Speed up and clean up Gajim's history

After a few years of using Gajim, the history of all messages, statuses, etc. can grow up to quite large size. In my case the logs.db file consumed 128MB of disk space.

Searching through the conversation history (in the Conversation History window) can take up to few seconds for each query. And after removing and adding various XMPP/Jabber (or Facebook Chat) accounts, there’s a lot of unnecessary Jabber IDs left in the database.

So let’s take a look at how to speed things up and remove unnecessary data form logs.db (but whether it will work for you or not, substantially depends on how you’ve been using Gajim and what you keep in Gajim’s history).

Make a backup first!

First of all: I’m not responsible for any damage you may do to your history file, your computer, house, cat, gold fish, friends, neighbors, etc. And you’re doing it at your own risk ;)

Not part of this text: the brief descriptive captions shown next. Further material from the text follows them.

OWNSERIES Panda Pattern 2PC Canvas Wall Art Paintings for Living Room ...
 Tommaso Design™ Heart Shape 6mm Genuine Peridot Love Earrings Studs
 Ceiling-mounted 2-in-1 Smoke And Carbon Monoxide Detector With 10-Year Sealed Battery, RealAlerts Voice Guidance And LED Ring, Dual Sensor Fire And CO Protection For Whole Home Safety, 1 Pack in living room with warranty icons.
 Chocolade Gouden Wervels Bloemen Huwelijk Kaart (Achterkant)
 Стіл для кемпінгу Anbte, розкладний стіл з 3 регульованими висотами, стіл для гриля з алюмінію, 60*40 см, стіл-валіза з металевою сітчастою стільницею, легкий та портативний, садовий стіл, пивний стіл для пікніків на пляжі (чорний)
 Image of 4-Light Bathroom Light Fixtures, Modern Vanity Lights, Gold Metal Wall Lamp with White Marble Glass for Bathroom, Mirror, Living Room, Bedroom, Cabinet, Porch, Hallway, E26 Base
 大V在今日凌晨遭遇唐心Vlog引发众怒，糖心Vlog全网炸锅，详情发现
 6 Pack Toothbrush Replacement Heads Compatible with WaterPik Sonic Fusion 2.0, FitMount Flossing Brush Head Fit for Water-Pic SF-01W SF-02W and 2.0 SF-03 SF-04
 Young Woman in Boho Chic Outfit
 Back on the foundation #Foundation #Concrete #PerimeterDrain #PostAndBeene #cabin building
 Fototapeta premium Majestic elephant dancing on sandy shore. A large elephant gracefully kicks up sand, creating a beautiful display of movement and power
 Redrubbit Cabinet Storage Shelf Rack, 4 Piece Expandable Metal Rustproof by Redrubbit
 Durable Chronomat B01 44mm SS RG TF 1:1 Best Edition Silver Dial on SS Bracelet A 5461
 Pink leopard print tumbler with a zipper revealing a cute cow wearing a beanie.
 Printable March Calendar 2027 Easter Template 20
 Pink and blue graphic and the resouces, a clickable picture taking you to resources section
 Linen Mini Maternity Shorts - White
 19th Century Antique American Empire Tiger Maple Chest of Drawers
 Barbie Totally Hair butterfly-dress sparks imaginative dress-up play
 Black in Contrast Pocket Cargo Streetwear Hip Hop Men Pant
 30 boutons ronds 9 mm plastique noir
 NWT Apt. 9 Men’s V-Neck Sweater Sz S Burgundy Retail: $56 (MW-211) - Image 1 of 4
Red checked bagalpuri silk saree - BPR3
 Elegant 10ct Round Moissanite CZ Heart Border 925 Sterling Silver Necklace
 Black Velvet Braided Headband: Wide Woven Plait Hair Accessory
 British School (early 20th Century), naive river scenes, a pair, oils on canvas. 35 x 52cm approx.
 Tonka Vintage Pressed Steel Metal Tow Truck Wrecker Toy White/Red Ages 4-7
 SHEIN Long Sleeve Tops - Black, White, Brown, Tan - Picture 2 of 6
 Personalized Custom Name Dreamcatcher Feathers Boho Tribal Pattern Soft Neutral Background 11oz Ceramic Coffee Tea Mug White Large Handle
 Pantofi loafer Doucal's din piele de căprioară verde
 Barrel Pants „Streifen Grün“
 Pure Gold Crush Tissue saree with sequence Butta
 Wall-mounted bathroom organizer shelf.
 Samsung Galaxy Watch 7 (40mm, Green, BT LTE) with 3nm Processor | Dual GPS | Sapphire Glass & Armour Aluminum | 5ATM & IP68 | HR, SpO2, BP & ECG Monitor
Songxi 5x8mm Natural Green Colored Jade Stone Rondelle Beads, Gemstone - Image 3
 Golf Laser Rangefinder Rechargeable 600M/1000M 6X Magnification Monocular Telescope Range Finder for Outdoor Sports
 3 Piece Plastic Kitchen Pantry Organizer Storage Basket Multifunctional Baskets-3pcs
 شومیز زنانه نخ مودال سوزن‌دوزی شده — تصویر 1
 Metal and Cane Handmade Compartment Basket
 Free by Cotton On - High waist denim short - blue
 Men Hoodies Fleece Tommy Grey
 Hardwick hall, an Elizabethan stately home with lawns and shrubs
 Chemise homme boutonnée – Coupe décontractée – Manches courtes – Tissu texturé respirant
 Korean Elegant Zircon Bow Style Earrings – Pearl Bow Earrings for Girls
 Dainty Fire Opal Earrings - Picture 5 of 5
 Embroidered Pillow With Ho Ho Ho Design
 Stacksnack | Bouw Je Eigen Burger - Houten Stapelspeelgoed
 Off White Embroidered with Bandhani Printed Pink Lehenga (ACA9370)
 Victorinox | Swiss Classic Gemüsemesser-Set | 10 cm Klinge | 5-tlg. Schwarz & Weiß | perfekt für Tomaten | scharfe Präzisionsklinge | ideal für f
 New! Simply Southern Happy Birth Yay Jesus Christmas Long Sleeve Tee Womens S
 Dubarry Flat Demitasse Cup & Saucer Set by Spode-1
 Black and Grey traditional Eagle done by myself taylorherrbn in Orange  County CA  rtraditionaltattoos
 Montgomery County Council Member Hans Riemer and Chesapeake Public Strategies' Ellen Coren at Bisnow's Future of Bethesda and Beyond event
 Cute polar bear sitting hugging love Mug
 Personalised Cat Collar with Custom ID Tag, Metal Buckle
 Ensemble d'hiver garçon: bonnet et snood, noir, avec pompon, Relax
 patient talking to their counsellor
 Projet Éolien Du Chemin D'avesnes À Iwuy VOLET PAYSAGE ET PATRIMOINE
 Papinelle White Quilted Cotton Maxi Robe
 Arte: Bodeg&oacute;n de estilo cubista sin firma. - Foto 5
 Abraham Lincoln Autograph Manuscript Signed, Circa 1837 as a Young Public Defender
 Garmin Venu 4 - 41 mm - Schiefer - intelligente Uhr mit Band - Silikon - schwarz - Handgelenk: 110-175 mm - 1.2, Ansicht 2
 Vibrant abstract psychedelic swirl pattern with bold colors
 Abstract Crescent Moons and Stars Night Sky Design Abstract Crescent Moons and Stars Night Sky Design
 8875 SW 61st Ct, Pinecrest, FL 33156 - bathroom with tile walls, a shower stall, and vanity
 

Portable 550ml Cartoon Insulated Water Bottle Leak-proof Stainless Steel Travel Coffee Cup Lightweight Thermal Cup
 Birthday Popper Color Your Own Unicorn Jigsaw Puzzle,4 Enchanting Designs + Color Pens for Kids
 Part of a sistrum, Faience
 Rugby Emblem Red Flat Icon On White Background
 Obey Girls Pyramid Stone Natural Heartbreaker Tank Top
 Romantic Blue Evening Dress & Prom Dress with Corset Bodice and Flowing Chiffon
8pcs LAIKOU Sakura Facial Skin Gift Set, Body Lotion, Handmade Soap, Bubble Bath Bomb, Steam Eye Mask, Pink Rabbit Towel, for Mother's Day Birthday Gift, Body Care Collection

So, close Gajim if it’s still running, and make a backup, please. You should probably be able to find your logs.db file in ~/.local/share/gajim/logs.db. If it’s not there, look for it and change the following commands accordingly.

To make a backup, run:

sqlite3 ~/.local/share/gajim/logs.db .dump > backup.sql

It will create a backup of your logs.db, and write it to backup.sql file (for more specific info, please look at Gajim’s wiki page).

Remove old status messages

If you’re saving status changes in your Gajim’s history, it can grow up quite fast, because there are probably a few additional entries every day for each of your contacts. It’s the Log status changes of contacts option in Preferences. Personally, I like to keep such information, but I see no point to keep very old entries.

Let’s take a look at some numbers:

sqlite> select count(*) from logs where kind in (0,1);
1235830
sqlite> select count(*) from logs where kind not in (0,1);
552679

There are 1235830 entries in my logs.db file containing only status changes. The kind equal to 0 stands for normal statuses, and kind equal to 1 for group chat statuses. On contrary, there are only 552679 entries for other types of messages.

Most of these entries are almost empty (they just log show value of received XMPP stanzas, time, and a few more values), but they still use some space. And now multiply that space by 1235830.

So let’s remove it:

sqlite3 ~/.local/share/gajim/logs.db "delete from logs where kind in (0,1);"

Yep, that’s it. If you now look at the size of logs.db file (for example with ls -l command), you will not see any difference, but we’ll talk about decreasing the size of the file in a moment.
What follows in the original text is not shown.